***** PROVIDED INFORMATION

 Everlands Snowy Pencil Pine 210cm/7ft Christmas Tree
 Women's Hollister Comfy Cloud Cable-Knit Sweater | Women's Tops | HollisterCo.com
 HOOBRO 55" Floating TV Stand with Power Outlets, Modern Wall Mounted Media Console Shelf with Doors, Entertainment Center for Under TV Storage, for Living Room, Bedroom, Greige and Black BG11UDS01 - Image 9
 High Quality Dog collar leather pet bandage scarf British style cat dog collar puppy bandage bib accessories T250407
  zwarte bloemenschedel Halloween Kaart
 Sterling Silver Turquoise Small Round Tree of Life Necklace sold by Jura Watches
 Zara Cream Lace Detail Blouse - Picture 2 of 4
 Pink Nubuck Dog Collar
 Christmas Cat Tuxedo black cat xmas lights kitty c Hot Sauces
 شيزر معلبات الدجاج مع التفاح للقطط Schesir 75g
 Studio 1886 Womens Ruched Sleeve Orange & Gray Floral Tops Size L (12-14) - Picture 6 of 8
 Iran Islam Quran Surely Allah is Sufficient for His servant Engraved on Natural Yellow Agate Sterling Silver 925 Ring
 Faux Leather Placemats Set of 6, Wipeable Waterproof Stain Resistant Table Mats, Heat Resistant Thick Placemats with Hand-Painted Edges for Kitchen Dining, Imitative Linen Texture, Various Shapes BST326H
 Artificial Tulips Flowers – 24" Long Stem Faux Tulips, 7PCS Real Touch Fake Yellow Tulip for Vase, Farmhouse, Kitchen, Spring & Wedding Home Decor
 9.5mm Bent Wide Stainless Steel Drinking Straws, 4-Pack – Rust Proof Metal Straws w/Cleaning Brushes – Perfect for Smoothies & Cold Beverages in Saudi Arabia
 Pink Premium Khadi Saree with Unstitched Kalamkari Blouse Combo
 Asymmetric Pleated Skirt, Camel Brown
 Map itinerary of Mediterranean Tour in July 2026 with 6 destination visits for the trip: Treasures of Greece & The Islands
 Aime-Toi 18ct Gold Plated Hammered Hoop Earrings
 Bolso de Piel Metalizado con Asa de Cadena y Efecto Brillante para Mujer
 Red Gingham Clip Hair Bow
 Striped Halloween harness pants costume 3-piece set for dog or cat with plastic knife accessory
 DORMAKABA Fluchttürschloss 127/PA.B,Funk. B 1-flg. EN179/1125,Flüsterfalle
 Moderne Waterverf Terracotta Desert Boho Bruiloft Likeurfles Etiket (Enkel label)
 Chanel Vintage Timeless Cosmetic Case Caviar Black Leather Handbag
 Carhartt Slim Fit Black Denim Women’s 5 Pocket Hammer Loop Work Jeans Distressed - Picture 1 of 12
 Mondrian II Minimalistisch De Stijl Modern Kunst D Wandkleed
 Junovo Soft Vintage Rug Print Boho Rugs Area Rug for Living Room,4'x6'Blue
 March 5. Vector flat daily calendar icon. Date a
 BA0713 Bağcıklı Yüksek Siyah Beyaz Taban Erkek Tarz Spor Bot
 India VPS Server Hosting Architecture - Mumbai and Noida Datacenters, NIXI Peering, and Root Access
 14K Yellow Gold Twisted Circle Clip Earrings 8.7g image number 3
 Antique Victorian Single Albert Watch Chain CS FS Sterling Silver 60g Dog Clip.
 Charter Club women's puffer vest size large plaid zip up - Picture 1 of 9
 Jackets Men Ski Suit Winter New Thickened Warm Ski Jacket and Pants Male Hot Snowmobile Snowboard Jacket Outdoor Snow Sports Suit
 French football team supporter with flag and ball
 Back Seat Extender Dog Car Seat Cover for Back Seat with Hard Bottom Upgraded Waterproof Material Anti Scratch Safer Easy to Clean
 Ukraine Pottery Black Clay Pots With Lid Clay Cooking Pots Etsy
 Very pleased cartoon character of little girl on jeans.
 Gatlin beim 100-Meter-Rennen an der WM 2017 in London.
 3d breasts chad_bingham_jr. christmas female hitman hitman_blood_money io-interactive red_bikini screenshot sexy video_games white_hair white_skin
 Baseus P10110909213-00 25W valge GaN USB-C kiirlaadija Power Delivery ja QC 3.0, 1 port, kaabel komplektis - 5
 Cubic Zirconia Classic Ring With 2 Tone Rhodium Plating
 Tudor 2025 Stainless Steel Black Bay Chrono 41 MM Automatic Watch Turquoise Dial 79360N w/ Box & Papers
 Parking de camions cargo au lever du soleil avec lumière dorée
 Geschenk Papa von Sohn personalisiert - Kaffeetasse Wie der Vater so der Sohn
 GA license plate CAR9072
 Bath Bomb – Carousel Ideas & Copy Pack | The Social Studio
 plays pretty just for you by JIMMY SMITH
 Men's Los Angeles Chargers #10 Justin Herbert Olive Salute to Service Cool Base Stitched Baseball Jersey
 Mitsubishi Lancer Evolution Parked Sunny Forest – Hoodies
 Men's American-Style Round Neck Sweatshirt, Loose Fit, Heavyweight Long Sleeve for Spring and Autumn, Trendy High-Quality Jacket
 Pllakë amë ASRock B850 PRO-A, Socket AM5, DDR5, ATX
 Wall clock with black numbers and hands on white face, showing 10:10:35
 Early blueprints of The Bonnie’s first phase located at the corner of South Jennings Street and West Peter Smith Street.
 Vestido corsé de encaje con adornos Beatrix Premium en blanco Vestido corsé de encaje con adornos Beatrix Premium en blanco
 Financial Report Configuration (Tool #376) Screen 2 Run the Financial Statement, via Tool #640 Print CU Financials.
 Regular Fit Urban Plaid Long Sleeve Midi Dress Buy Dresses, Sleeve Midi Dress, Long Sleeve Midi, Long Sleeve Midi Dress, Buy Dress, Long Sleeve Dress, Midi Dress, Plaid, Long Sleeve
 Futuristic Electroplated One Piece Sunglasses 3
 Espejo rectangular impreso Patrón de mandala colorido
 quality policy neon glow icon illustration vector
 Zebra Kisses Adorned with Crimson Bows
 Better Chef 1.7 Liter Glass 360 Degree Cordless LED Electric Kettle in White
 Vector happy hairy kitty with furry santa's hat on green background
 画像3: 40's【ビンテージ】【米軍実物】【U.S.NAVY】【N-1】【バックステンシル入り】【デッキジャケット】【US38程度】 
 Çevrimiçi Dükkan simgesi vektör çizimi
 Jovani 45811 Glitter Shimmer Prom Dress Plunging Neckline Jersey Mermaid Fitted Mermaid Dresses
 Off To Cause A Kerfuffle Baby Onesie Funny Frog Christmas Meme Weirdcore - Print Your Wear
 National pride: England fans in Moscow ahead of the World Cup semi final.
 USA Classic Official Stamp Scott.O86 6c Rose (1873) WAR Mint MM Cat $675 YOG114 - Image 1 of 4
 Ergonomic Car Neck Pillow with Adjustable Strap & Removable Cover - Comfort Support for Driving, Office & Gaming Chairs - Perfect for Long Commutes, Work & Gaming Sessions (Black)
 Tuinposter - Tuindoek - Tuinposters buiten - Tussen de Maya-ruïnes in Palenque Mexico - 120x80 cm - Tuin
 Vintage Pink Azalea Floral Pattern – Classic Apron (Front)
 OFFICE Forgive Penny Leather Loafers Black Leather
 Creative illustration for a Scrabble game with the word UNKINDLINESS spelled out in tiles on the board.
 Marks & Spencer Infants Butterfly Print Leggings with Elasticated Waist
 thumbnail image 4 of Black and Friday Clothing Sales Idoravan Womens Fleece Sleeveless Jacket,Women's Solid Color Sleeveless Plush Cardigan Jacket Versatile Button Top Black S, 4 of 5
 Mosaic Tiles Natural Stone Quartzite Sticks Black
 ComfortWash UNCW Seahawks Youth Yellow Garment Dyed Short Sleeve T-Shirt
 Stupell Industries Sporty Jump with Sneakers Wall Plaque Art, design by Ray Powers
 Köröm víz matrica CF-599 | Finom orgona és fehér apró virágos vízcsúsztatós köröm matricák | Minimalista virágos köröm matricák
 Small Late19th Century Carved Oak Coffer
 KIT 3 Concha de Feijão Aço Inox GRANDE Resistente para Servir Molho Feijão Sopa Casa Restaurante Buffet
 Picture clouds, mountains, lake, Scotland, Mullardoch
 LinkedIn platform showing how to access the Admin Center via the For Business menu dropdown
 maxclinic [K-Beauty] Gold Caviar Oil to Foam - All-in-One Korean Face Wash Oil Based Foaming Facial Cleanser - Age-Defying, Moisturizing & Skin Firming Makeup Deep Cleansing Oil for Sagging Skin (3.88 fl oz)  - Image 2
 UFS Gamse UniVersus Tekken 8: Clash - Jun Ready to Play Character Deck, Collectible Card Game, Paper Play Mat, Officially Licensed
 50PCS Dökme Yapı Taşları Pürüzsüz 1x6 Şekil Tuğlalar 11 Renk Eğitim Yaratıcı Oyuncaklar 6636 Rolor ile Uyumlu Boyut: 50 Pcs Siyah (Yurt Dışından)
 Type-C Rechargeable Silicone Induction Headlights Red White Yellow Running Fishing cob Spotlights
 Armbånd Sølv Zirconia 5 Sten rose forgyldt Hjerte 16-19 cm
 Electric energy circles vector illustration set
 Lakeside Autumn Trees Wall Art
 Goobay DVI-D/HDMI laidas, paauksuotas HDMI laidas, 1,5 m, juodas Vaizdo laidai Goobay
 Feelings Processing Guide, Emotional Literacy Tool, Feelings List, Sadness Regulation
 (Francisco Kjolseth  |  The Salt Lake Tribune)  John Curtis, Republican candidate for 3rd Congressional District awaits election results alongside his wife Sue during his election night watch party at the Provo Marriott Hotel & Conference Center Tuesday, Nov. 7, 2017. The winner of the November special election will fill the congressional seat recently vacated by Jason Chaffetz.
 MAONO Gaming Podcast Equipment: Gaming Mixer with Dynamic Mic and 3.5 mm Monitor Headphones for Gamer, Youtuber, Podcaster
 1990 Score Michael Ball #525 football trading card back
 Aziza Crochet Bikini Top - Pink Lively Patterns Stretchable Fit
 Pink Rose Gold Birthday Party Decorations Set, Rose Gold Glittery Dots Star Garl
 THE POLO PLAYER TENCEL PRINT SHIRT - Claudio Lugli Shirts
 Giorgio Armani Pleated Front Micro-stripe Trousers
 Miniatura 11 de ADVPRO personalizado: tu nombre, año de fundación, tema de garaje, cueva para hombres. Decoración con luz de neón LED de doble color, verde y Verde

**********

> _EXERCISE GOAL_:
Return every line from the entries that holds the string "Vintage".

> _SOLVED PROBLEM_:
 Chanel Vintage Timeless Cosmetic Case Caviar Black Leather Handbag
 Junovo Soft Vintage Rug Print Boho Rugs Area Rug for Living Room,4'x6'Blue
 Vintage Pink Azalea Floral Pattern – Classic Apron (Front)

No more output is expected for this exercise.